Выбрать главу

Известная легенда о том, как император плакал, глядя на пиратские корабли викингов в Средиземном море, ибо предвидел беды, которые обрушатся на его потомков, вполне соответствует реальной исторической ситуации. Христианский империализм и языческий трайбализм готовы были схлестнуться в долгой отчаянной схватке. Девятому веку суждено было стать эпохой «бури и натиска» (которую не раз сравнивали с предсказанной в северной мифологии «гибелью богов»), «веком мечей и секир» и «веком волков». Новая земля поднималась из глубин моря после «гибели богов», и в итоге, из столкновения противоборствующих сил, родилось новое общество, но для этого потребовалось целое столетие войн и грабежей, в течение которого уже само слово «викинг» — с его неясной (как и у слова «сарацин») этимологией и грозным смыслом — наводило ужас на весь западный христианский мир.

Когда в 814 году Карл, «великий и правоверный император», упокоился навеки в кафедральном соборе в Ахене, это означало, по сути, возвращение к царству Хаоса.

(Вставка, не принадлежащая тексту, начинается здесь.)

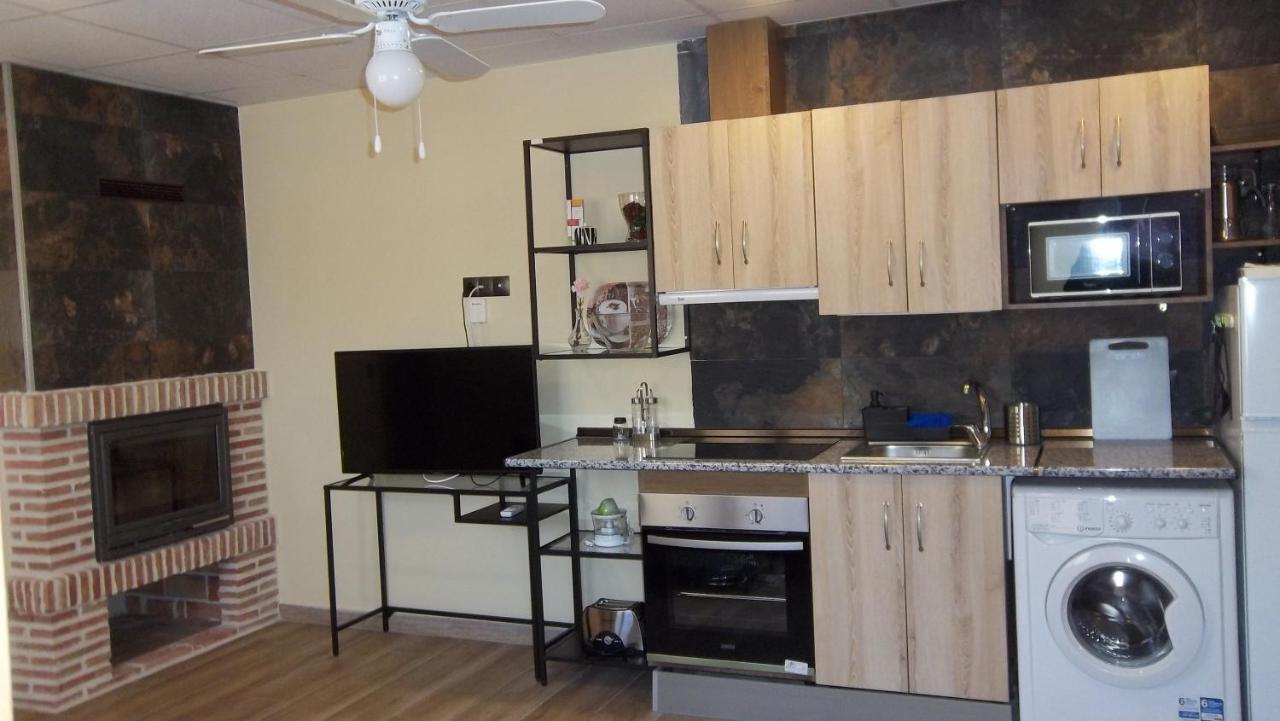 Apartamentos "Casa Rural De Aldea" Aldea del Fresno Esterno foto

Сын и наследник Карла, Людовик Благочестивый, хотя получил хорошее воспитание и был человеком просвещенным и искренне верующим, оказался слишком слаб, чтобы исполнять возложенные на него тяжкие обязанности. Трогательный и жалкий, постоянно конфликтовавший с собственными детьми и не понимавший основных веяний времени, он беспомощно подчинялся судьбе, влекущей его сквозь череду закономерных перемен и случайностей, бунтов и вражеских нашествий. Норманны, славяне, сарацины покушались на границы империи, в то время как непокорные сыновья и амбициозные вассалы затевали внутренние усобицы.

Но именно благодаря раздорам и разногласиям в реально существовавшем обществе старые идеалы мира и единства становились еще более значимыми. Одним из самых тяжелых обвинений в адрес Людовика Благочестивого стало обвинение в том, что он не сумел продолжить дело своего отца, Царя-Миротворца (Rex Pacificus), в результате чего империя оказалась в унизительном и отчаянном положении. Возвышенные нравственные кодексы и учения о принципах правления возникали подобно гигантским фантомам в общих сумятице и смятении лишь для того, чтобы вновь кануть во тьму. Люди мечтали о политическом и религиозном единении и постоянно обращались памятью к «золотому веку» Карла Великого.

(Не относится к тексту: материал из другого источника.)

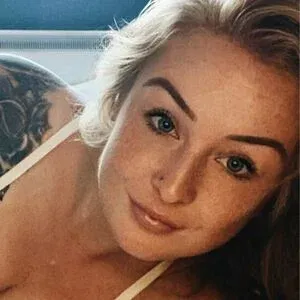 LittleRed_x Onlyfans Photo Gallery 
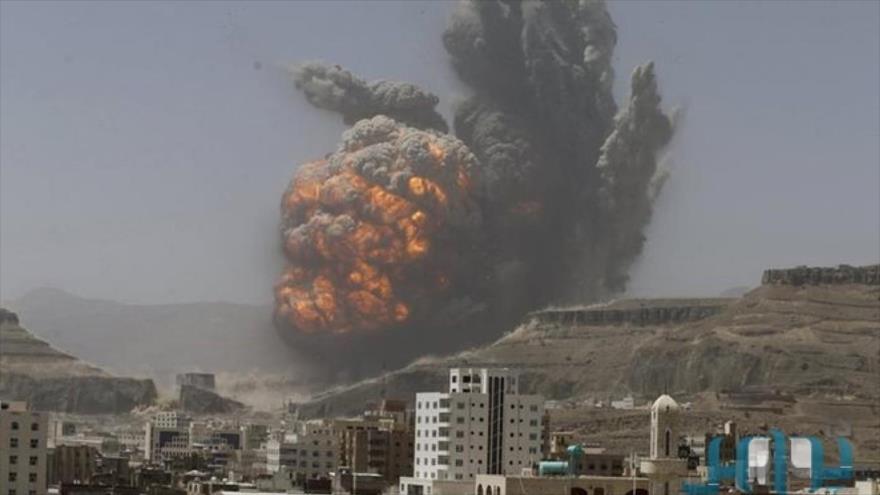 La coalición saudí lanza bombas de racimo contra Saná, capital de Yemen.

В личности Карла абстрактный образ христианского короля получил наглядное воплощение, обретавшее дополнительную притягательность и глубину на фоне окружающего варварства. С тех пор все западноевропейские правители сознательно или бессознательно следовали этому образцу, приобщаясь тем самым к более древней традиции. В понятиях Средневековья Карл Великий вполне подходил на роль «счастливого императора» из своей любимой книги — «О граде Божьем» блаженного Августина, представления которого о христианском монархе, подкрепленные авторитетом римских законоведов и Отцов Церкви и сделавшиеся всеобщим достоянием благодаря легендарной славе Карла, стали идеалом для всех лучших государственных умов Средневековья.

Блаженный Августин учил, что счастье властителя заключается в справедливом правлении, страхе Божьем и любви к Царствию небесному. Он возвышал земной Рим, соотнося его с идеей «града Божьего». Политические мыслители более поздних времен подчеркивали, что король и император представляют государственную власть, и делали акцент на обязательствах, сопряженных с этими титулами, указывая на божественную природу этого служения и непосредственную связь королевской власти с Церковью и католицизмом.

Преемственность, характерная для средневековой политической доктрины, вытекает из непрерывности церковной традиции. Этим же объясняется неуклонный рост авторитета и влияния Церкви, служившей примером постоянства и последовательности в достижении целей, а также нравственным ориентиром в изменчивом царстве вседозволенности. Для христианских народов Западной Европы Рим по-прежнему оставался воплощением законности и порядка и символом «цивилизованного мира»; однако средоточием их надежд и честолюбивых устремлений постепенно стал не республиканский или имперский Рим, а город святого Петра. Реальная сила папства состояла в том, что его право на господство имело высшую природу, благодаря чему римские прелаты успешно противостояли любым превратностям судьбы, даже когда в самом Риме вспыхивали мятежи. Папа Лев III, из рук которого Карл Великий в Рождество 800 года получил императорскую корону, умер в 816 году, опороченный и ненавидимый восставшими против него римлянами. Далее папский престол занимали один за другим четыре прелата, правившие недолго и бесславно, и лишь в 827 году при Папе Григории IV Церковь сумела использовать себе во благо ситуацию, сложившуюся в результате ослабления и развала империи.